■ **Your instructions**
With pictures left out, output exactly the lines of the listing below from the line that has "Egyptian woman between" to the line that has "24 piezas de", both lines kept.

■ **Records supplied**
═══
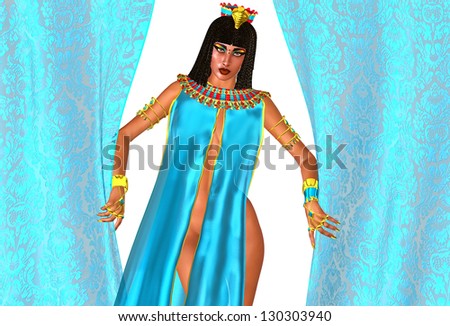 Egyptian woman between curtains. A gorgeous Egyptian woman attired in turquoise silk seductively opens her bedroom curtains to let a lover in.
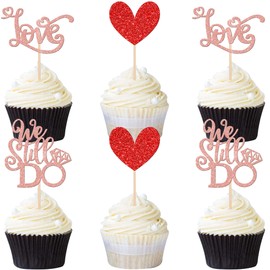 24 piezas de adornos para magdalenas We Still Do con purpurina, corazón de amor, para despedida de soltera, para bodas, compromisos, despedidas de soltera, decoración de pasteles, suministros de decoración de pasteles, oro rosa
═══
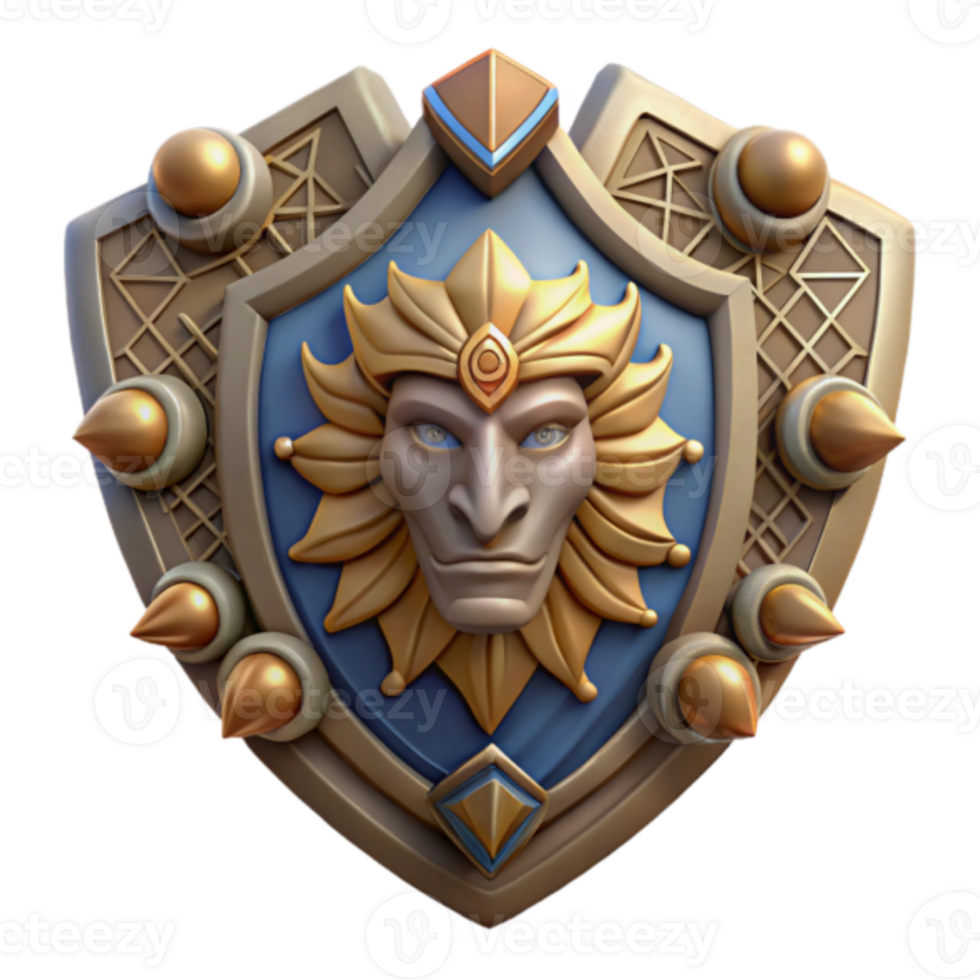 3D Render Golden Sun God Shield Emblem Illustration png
═══
■ **Exercise response**
 Egyptian woman between curtains. A gorgeous Egyptian woman attired in turquoise silk seductively opens her bedroom curtains to let a lover in.
 24 piezas de adornos para magdalenas We Still Do con purpurina, corazón de amor, para despedida de soltera, para bodas, compromisos, despedidas de soltera, decoración de pasteles, suministros de decoración de pasteles, oro rosa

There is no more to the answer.